What the exercise asks: Word for word, restate all the records; images are not part of the copy.

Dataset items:
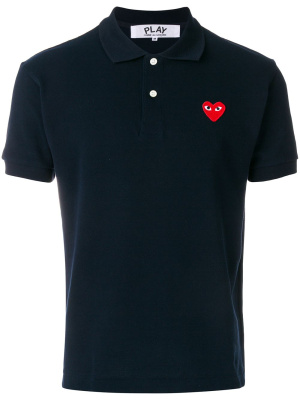 

Logo polo shirt, Comme Des Garçons Play Logo polo shirt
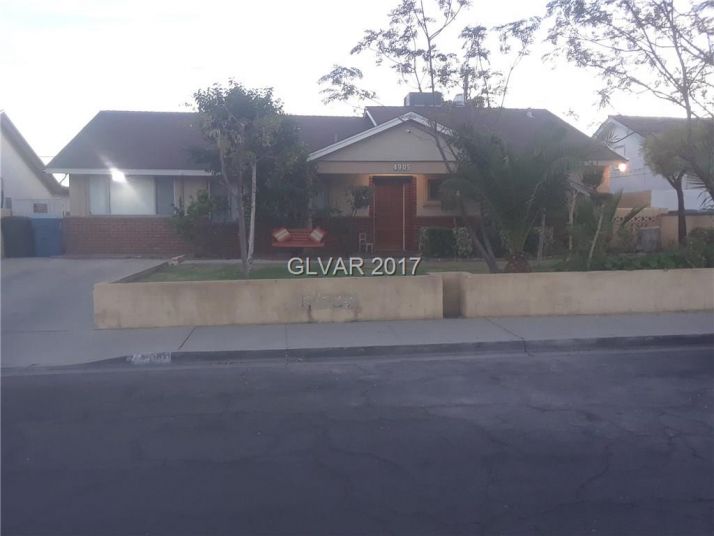 4905 Churchill Avenue, Las Vegas, NV 89107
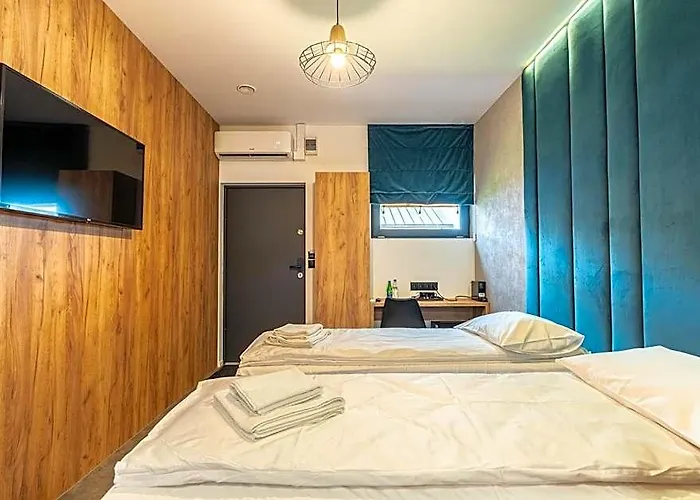 Ironresorts Niedzwiedzia 25 Tarnowo Podgórne képek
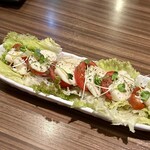 ごはんや まぁくん - カプレーゼ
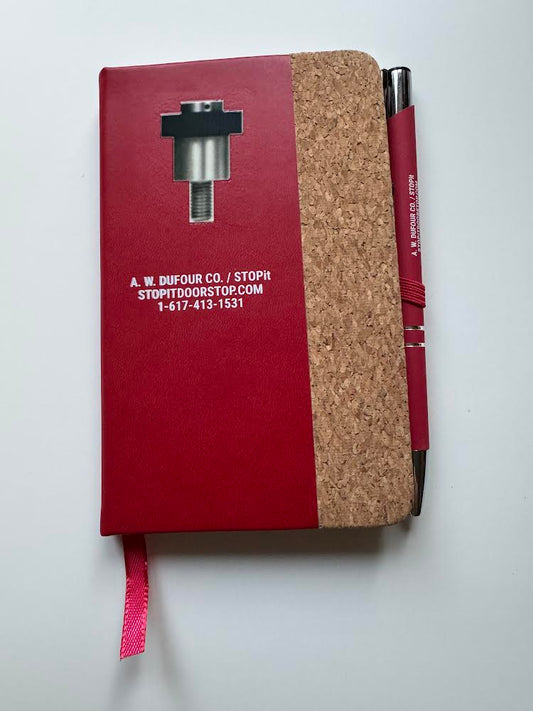 STOPit Notebook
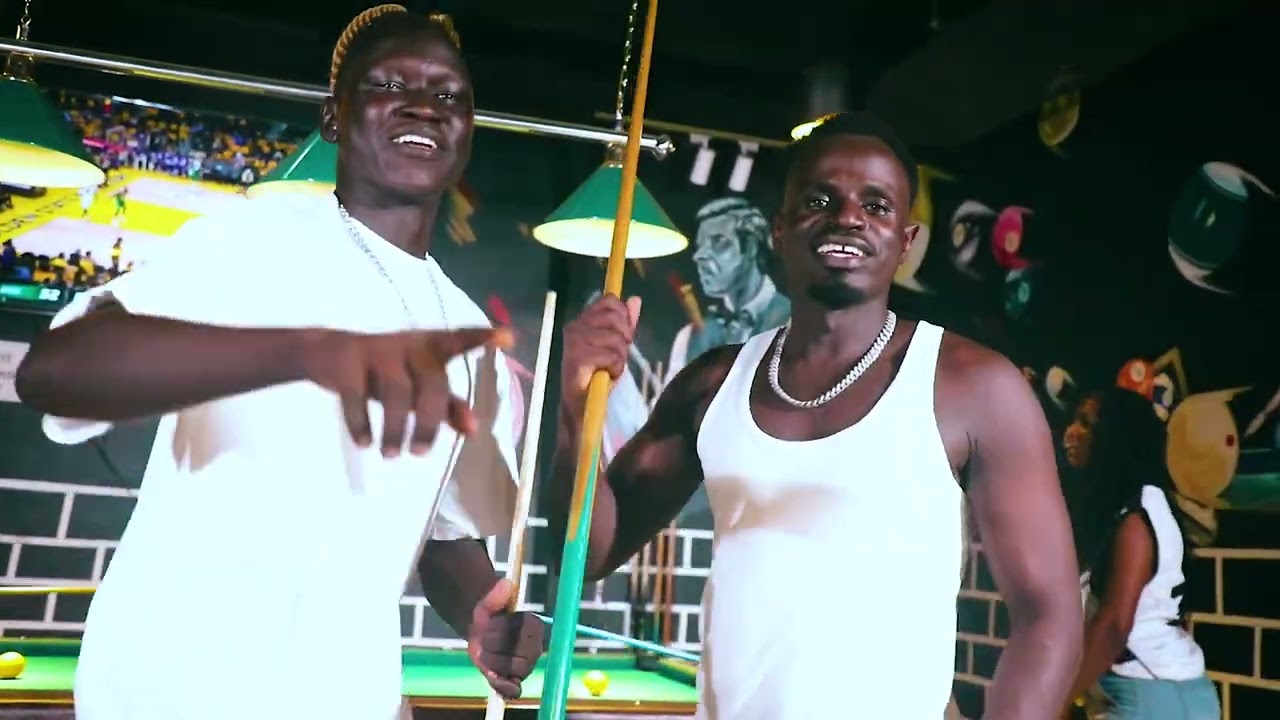 Slatine Pro - Dhuengdu (Remix) ft John Frog (Official Video).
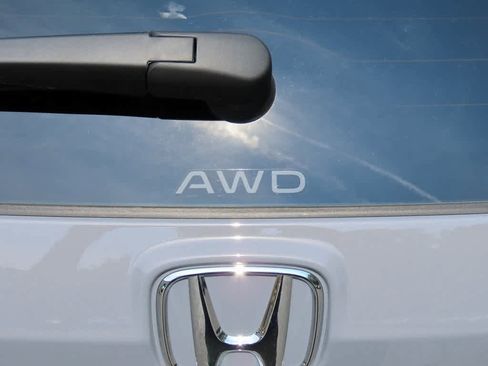 New 2026 Honda CR-V EX image 8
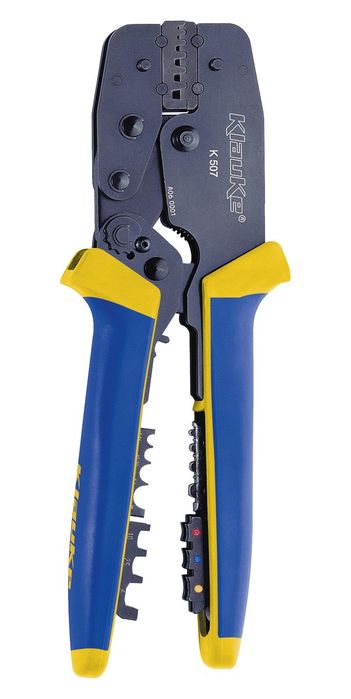 Cleste sertizat Klauke K507,Foarfeca Knipex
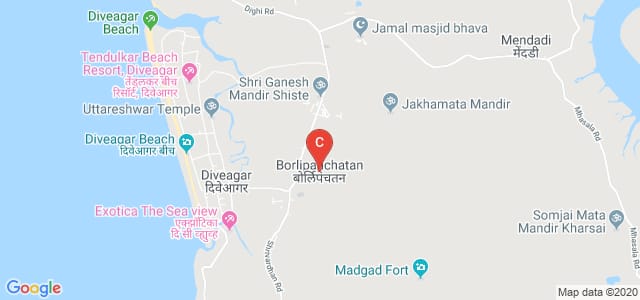 Borli panchatan, Raigad, Maharashtra, India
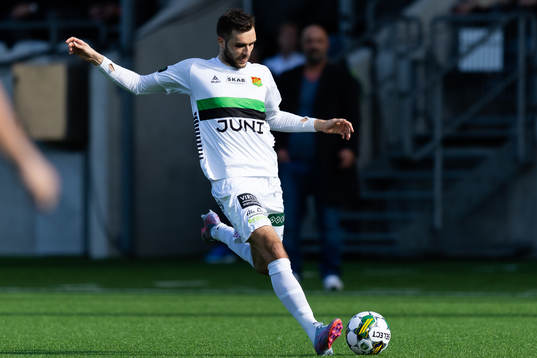 GAIS Egzon Binaku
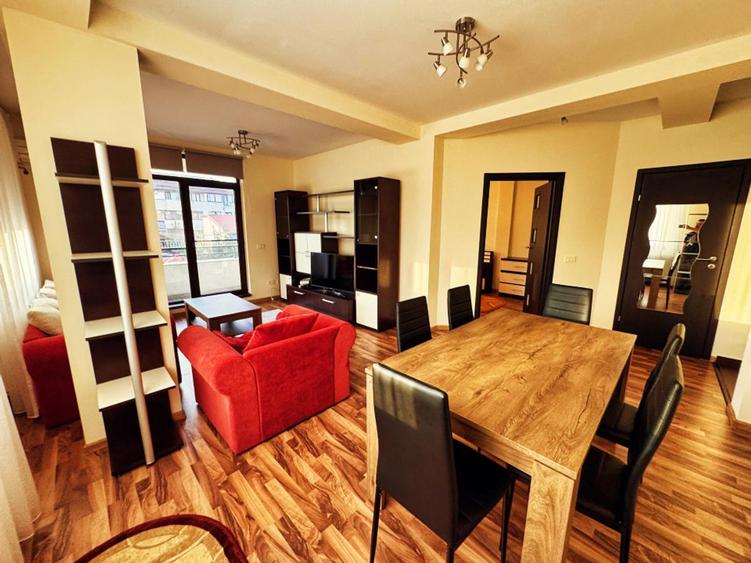 2 camere Bucurestii Noi - Parc Bazilescu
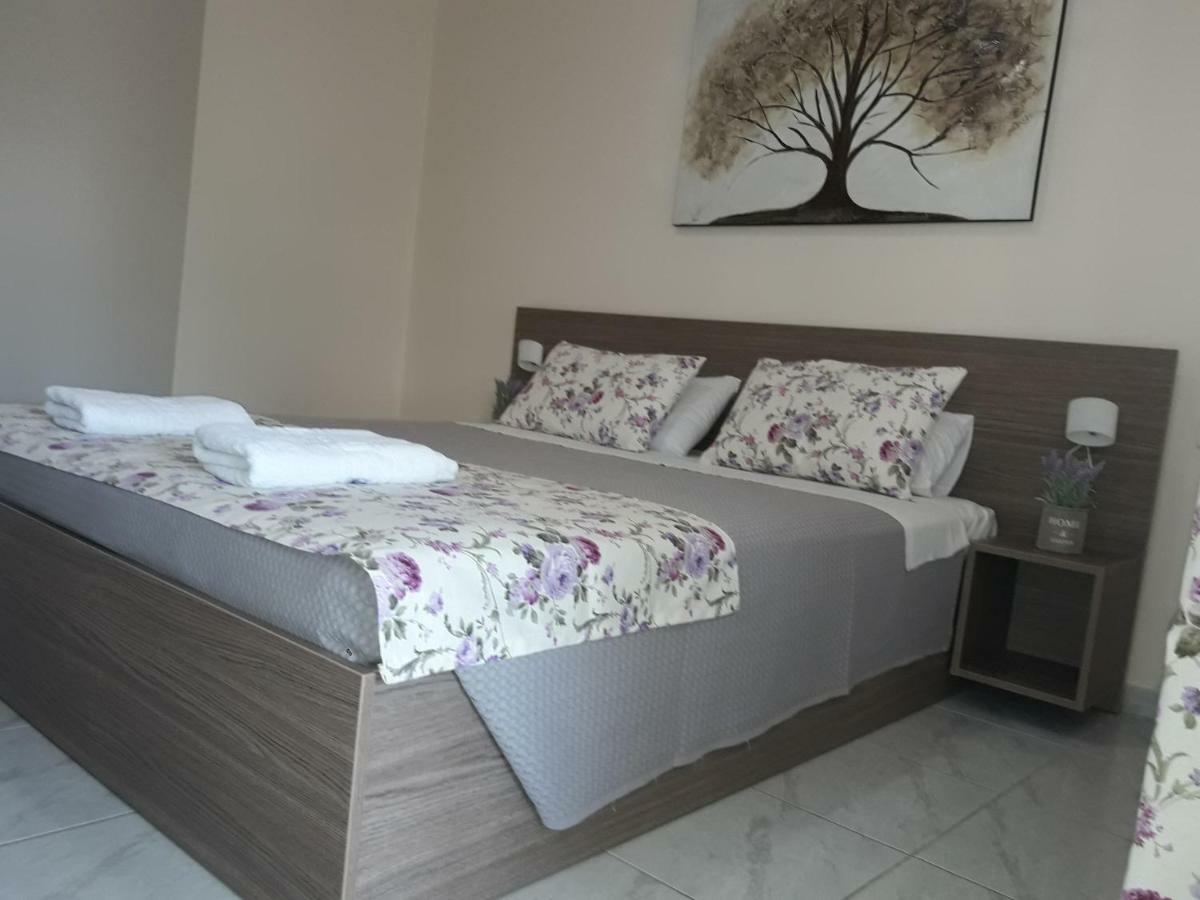 The Garden Apartments Nea Kallikrateia Εξωτερικό φωτογραφία
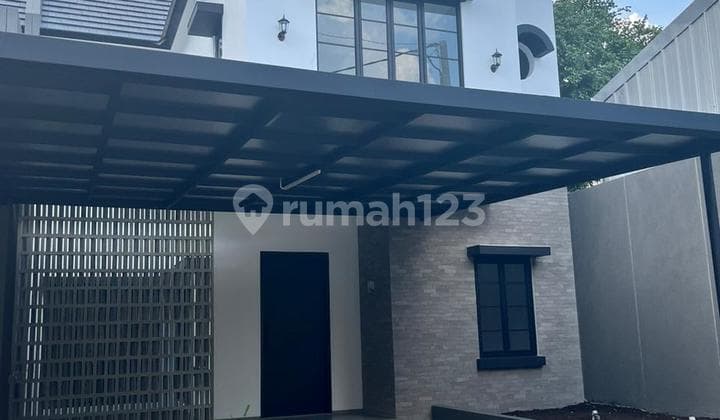 Rumah Baru Ranting Pesona Residence Minimalis Modern Cimahi Utara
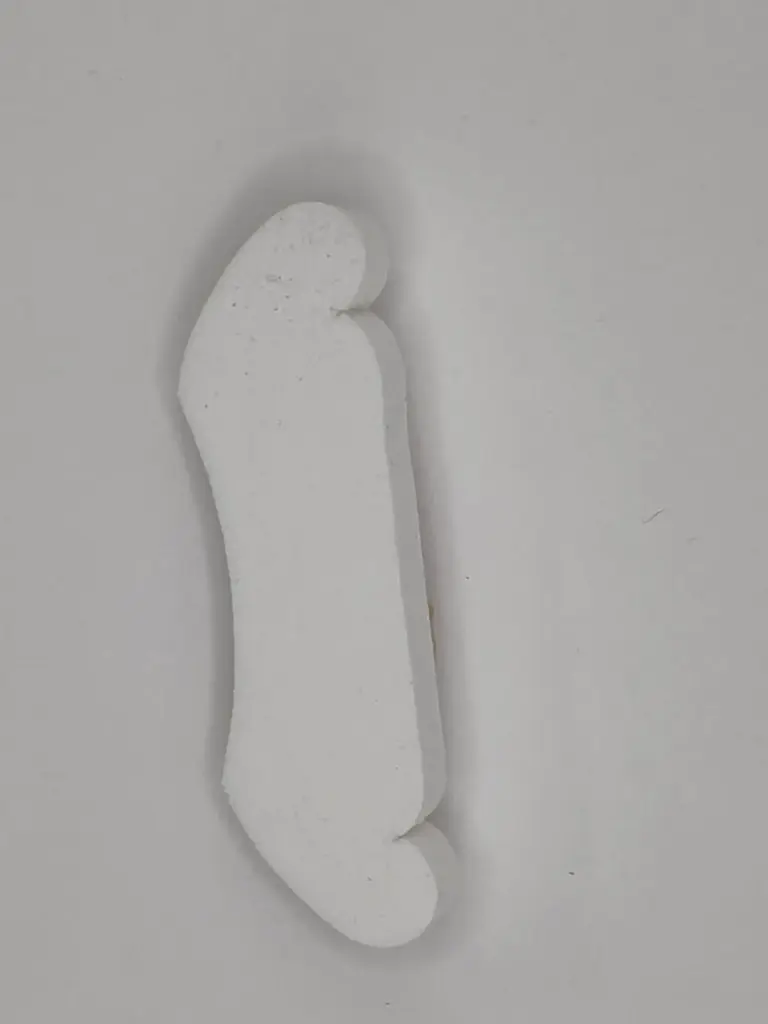 [SDS051] 566-8,5-AK-SX-WHT / Foam Seal Gallus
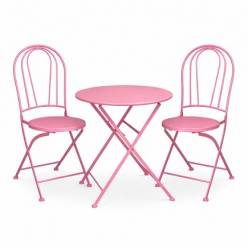 Set Florencia Fucsia (Set 3uds)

Your response:
Logo polo shirt, Comme Des Garçons Play Logo polo shirt
 4905 Churchill Avenue, Las Vegas, NV 89107
 Ironresorts Niedzwiedzia 25 Tarnowo Podgórne képek
 ごはんや まぁくん - カプレーゼ
 STOPit Notebook
 Slatine Pro - Dhuengdu (Remix) ft John Frog (Official Video).
 New 2026 Honda CR-V EX image 8
 Cleste sertizat Klauke K507,Foarfeca Knipex
 Borli panchatan, Raigad, Maharashtra, India
 GAIS Egzon Binaku
 2 camere Bucurestii Noi - Parc Bazilescu
 The Garden Apartments Nea Kallikrateia Εξωτερικό φωτογραφία
 Rumah Baru Ranting Pesona Residence Minimalis Modern Cimahi Utara
 [SDS051] 566-8,5-AK-SX-WHT / Foam Seal Gallus
 Set Florencia Fucsia (Set 3uds)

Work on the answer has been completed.